Within the entries below, the lines from the one with "Tibetan Village - Spotted" through the one with "sense of. kinesthesis" are to be set down exactly, both ends kept.
[DATA TO PROCESS — start]
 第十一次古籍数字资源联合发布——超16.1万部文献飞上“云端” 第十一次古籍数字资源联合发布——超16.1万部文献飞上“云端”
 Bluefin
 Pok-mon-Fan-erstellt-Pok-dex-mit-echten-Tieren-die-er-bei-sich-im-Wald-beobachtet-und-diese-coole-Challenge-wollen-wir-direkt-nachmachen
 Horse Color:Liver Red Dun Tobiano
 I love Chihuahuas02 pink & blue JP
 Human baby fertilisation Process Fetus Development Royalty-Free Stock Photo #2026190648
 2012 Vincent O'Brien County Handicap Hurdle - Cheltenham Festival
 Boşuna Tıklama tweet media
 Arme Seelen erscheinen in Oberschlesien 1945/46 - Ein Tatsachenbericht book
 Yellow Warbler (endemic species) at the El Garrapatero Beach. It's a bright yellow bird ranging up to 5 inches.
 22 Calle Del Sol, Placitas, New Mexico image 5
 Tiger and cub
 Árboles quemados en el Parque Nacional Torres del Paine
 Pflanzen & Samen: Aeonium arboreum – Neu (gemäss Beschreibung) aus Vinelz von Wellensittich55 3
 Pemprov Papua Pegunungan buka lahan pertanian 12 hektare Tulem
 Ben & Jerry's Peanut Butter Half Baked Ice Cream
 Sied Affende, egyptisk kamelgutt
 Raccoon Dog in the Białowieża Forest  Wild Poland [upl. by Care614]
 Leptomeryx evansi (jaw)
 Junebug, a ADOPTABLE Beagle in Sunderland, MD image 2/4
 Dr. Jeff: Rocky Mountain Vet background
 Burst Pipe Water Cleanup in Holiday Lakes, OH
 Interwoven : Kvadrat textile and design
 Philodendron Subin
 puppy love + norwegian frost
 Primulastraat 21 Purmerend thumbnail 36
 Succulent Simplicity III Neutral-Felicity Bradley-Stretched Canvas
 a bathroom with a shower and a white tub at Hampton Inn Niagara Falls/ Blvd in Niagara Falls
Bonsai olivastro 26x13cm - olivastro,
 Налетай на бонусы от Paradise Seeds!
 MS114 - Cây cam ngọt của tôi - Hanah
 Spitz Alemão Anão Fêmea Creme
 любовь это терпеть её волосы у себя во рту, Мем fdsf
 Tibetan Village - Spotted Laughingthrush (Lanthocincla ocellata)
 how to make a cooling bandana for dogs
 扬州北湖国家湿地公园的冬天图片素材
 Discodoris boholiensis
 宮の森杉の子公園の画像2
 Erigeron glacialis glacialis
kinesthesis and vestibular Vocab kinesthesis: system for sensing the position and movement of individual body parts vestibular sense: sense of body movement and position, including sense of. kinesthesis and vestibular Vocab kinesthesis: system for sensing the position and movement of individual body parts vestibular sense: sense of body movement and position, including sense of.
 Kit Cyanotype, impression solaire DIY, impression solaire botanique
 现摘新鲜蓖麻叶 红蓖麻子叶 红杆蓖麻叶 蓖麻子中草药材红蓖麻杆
[DATA TO PROCESS — finish]
- YOUR SOLUTION -
 Tibetan Village - Spotted Laughingthrush (Lanthocincla ocellata)
 how to make a cooling bandana for dogs
 扬州北湖国家湿地公园的冬天图片素材
 Discodoris boholiensis
 宮の森杉の子公園の画像2
 Erigeron glacialis glacialis
kinesthesis and vestibular Vocab kinesthesis: system for sensing the position and movement of individual body parts vestibular sense: sense of body movement and position, including sense of. kinesthesis and vestibular Vocab kinesthesis: system for sensing the position and movement of individual body parts vestibular sense: sense of body movement and position, including sense of.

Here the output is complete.